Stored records
:::

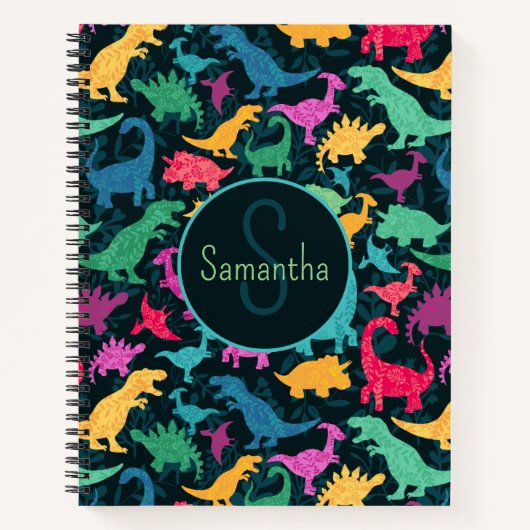 Carnet Dinosaures Silhouette Fleurie Féminine Filles (Devant)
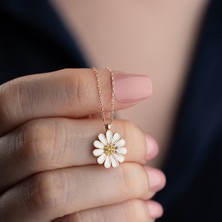 Vaoov 925 Ayar Gümüş Beyaz Papatya Kolye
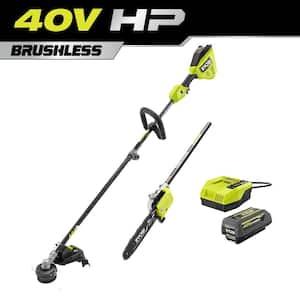 40V HP Brushless 16 in. Cordless Attachment Capable String Trimmer & Pole saw w/4.0 Ah Battery & Charger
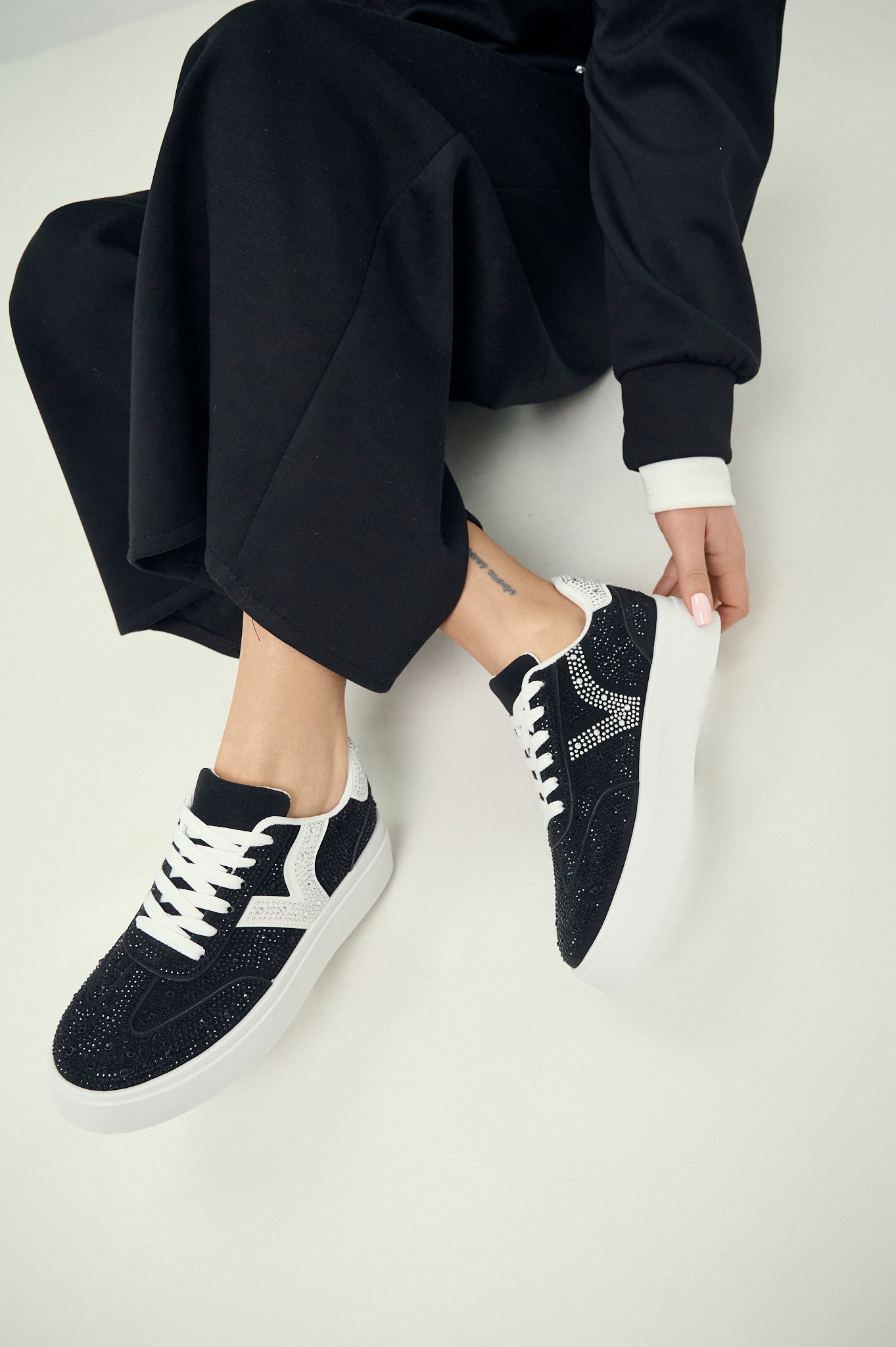 Platform Sneakers with Strass Logo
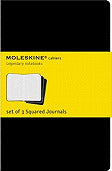 Moleskine Cahier Journal (Set of 3), Extra Large, Squared, Black, Soft Cover (7.5 x 10)
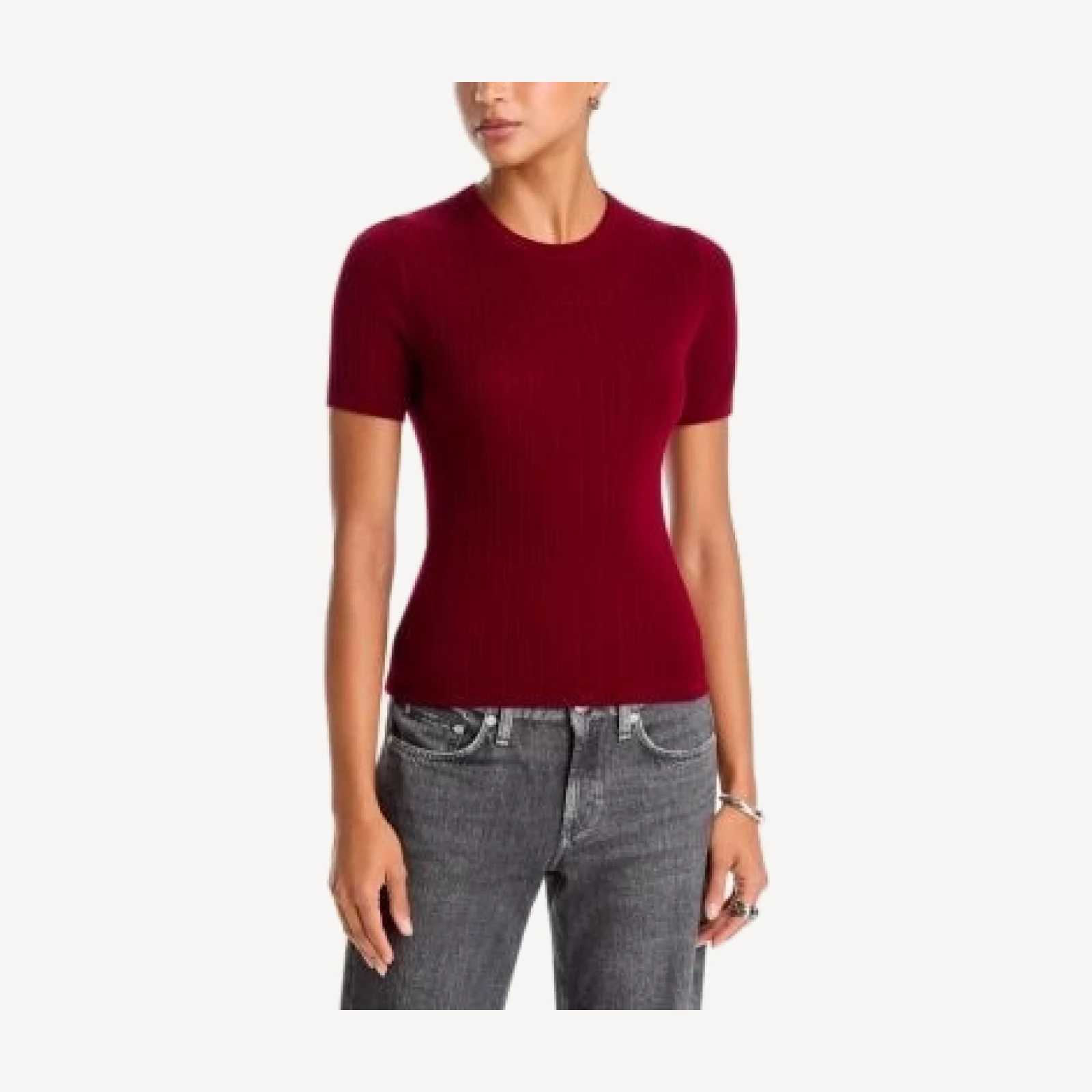 rag & bone Rhodes Wool Short Sleeve Crewneck Sweater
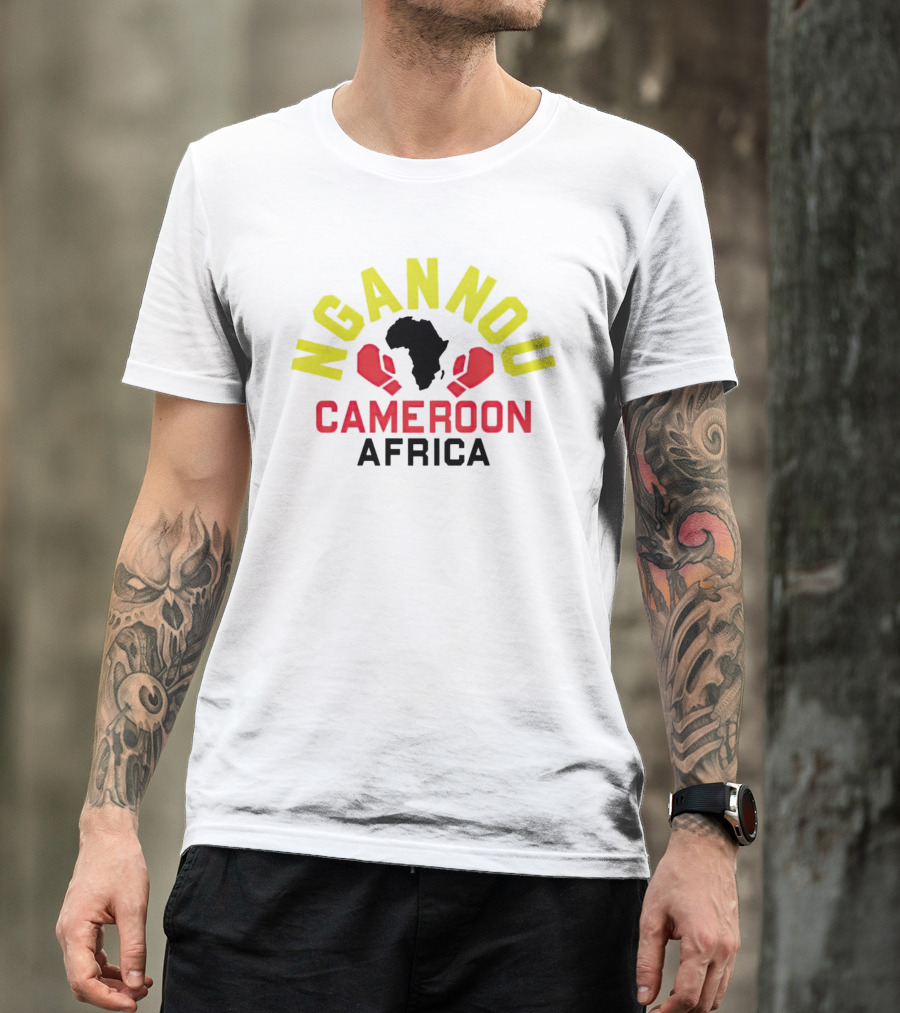 Ngannou Cameroon Africa Boxing Gloves Map T-Shirt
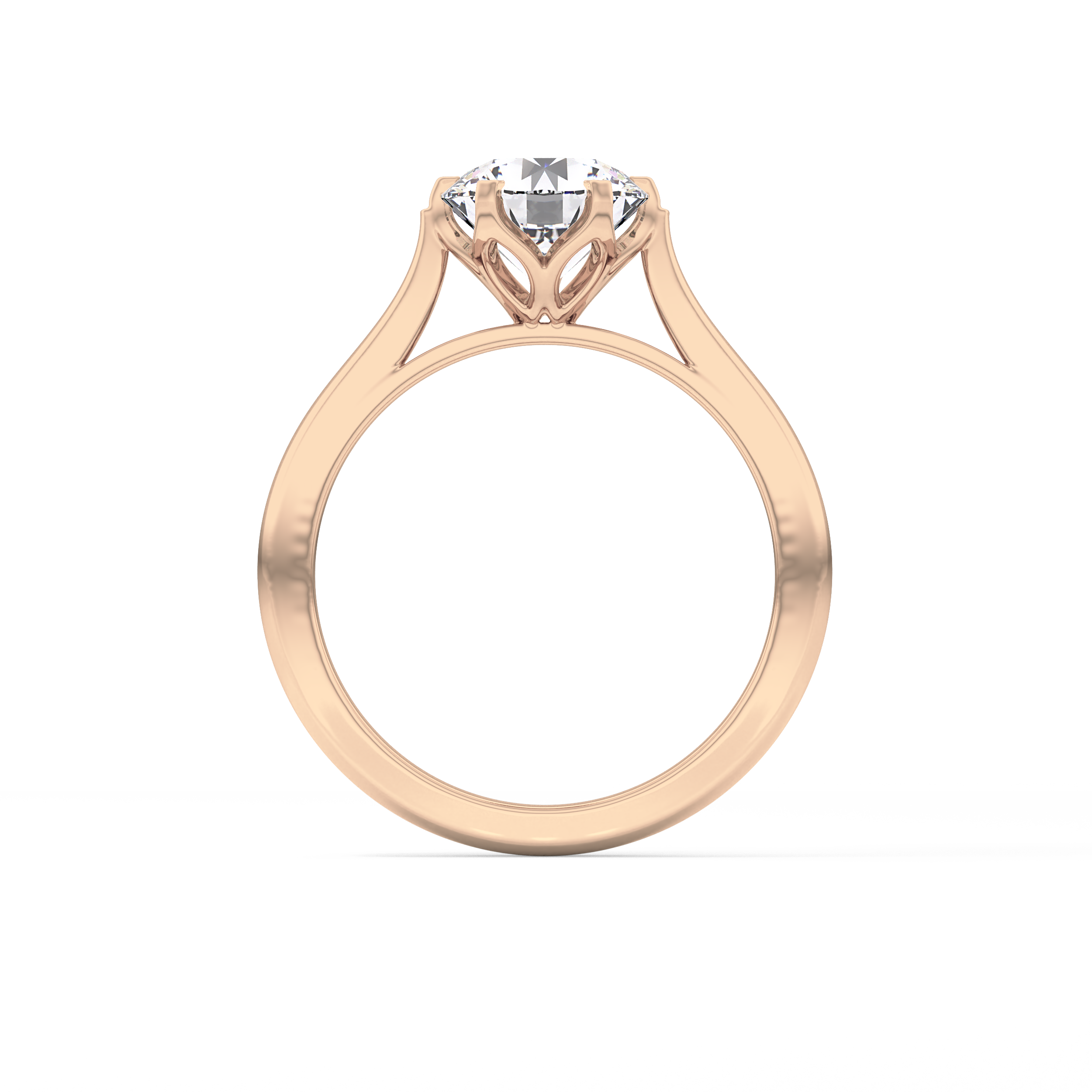 Round Solitaire Lab Grown Diamond Engagement Ring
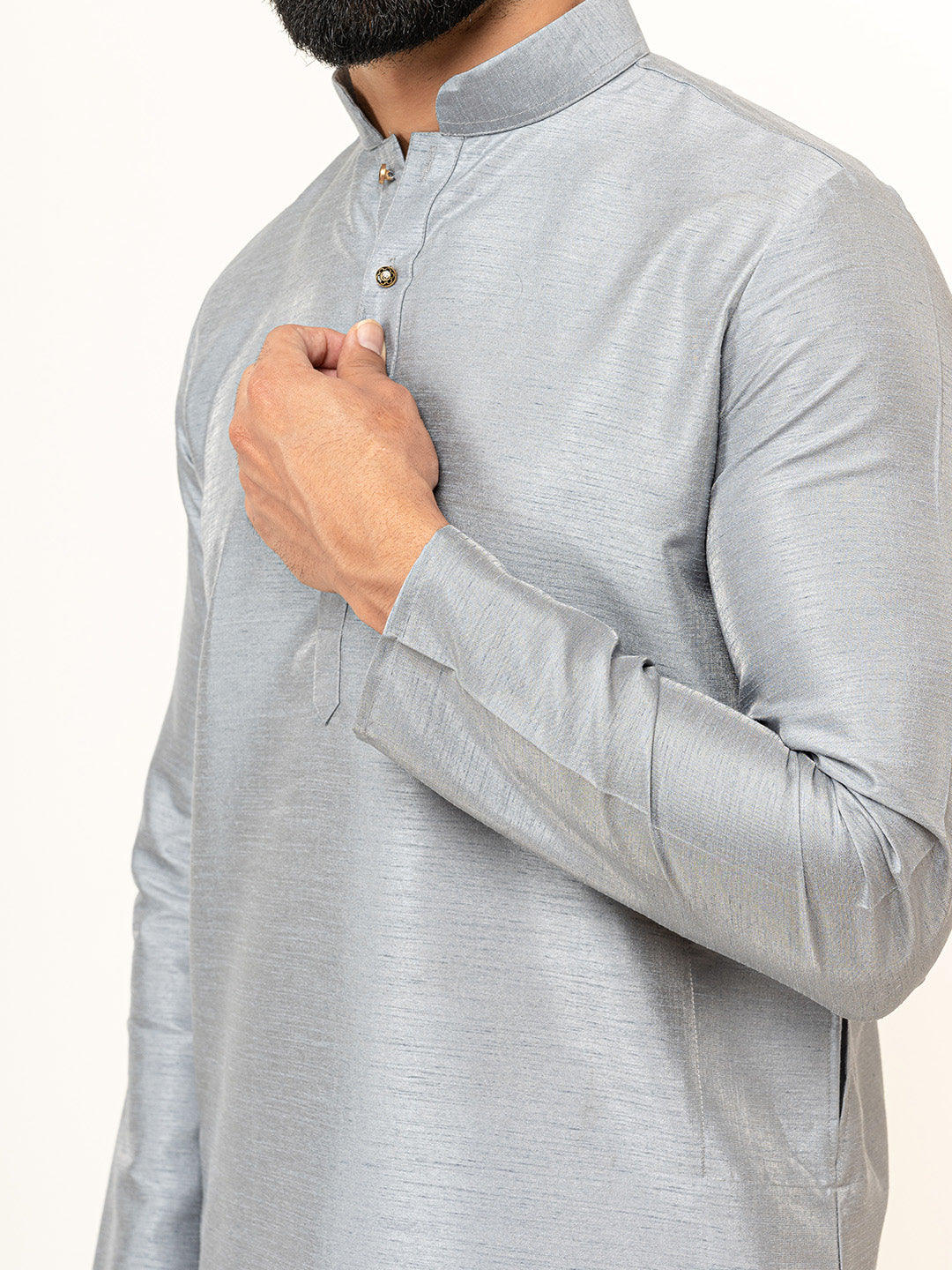 Grey Dupin Solid Kurta for Men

:::

Omit all pictures and write out, exactly, only the lines from the line containing "Round Solitaire Lab" through the last line of the entries above.

 Round Solitaire Lab Grown Diamond Engagement Ring
 Grey Dupin Solid Kurta for Men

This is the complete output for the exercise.